Organisations deploy Internet of Things devices across their networks without considering security implications. Smart building systems, industrial sensors, connected cameras, and countless other IoT devices create vast attack surfaces that security teams rarely monitor or protect adequately. These devices often run outdated firmware, use default credentials, and lack basic security controls. Attackers leverage compromised IoT devices to gain network access, conduct reconnaissance, and launch attacks against other systems. The convenience of connected devices comes with security costs that most organisations haven’t properly assessed.
Why IoT Devices Create Security Problems
Manufacturers prioritise functionality and cost over security.

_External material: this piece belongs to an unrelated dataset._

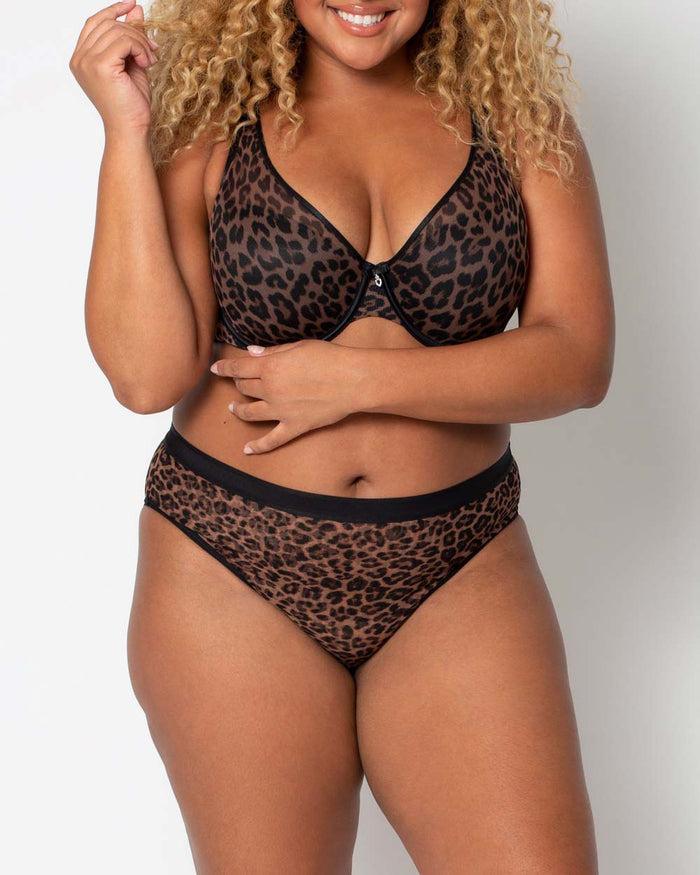 curvy couture Sheer Mesh High Cut Brief Designer Leopard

IoT devices ship with minimal security features because adding robust security increases development costs and complexity. Vendors know customers rarely evaluate security capabilities when purchasing IoT products, removing incentive for improvement. IoT devices lack standardised security update mechanisms. Many devices can’t be updated easily or at all. When vulnerabilities are discovered, organisations often can’t patch affected devices, leaving them perpetually vulnerable. This creates accumulating security debt that never gets addressed. Device lifecycles extend far beyond vendor support periods. An IP camera installed today might still operate in ten years, long after the manufacturer stopped providing security updates. These orphaned devices remain on networks indefinitely, vulnerable to every exploit discovered after vendor support ended.

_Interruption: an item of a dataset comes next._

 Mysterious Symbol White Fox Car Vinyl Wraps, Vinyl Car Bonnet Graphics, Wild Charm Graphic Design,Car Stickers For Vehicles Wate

Building IoT Security Programmes
Inventory all IoT devices on your network before attempting to secure them. Many organisations don’t know what IoT devices they have, where they’re located, or who manages them. Discovering device presence through network scanning provides baseline visibility.
Expert Commentary
Name: William Fieldhouse
Title: Director of Aardwolf Security Ltd
Comments: “IoT device assessments consistently reveal devices with default credentials still enabled, unencrypted communications, and exposed administrative interfaces. Organisations deploy these devices for specific functions without considering broader security implications. The devices often outlast the projects they were purchased for, remaining on networks forgotten and unpatched.”
Segment IoT devices on separate network VLANs with restricted access to other systems. IoT devices shouldn’t communicate with corporate workstations or servers unless specifically required. Network segmentation limits damage when IoT devices are compromised. Change default credentials immediately upon deployment. Default usernames and passwords for IoT devices are publicly documented and trivial for attackers to discover. This single action prevents a significant percentage of IoT-based compromises.
Regular web application penetration testing should include IoT device security assessment when devices have web interfaces. Many IoT devices expose web management interfaces with serious vulnerabilities that attackers exploit for initial access.
Disable unnecessary services and features on IoT devices. Most devices include capabilities that organisations never use. Disabling unused functionality reduces attack surface and eliminates potential vulnerabilities in features nobody actually needs.
Vendor Selection and Management
Evaluate vendor security practices before purchasing IoT devices. Ask about update mechanisms, security response processes, and support lifecycles. Vendors who can’t or won’t answer basic security questions probably don’t prioritise security in their products. Require contractual commitments about security updates and vulnerability disclosure. Don’t rely on vendor promises about supporting devices indefinitely. Get specific timeframes and procedures documented in purchase agreements.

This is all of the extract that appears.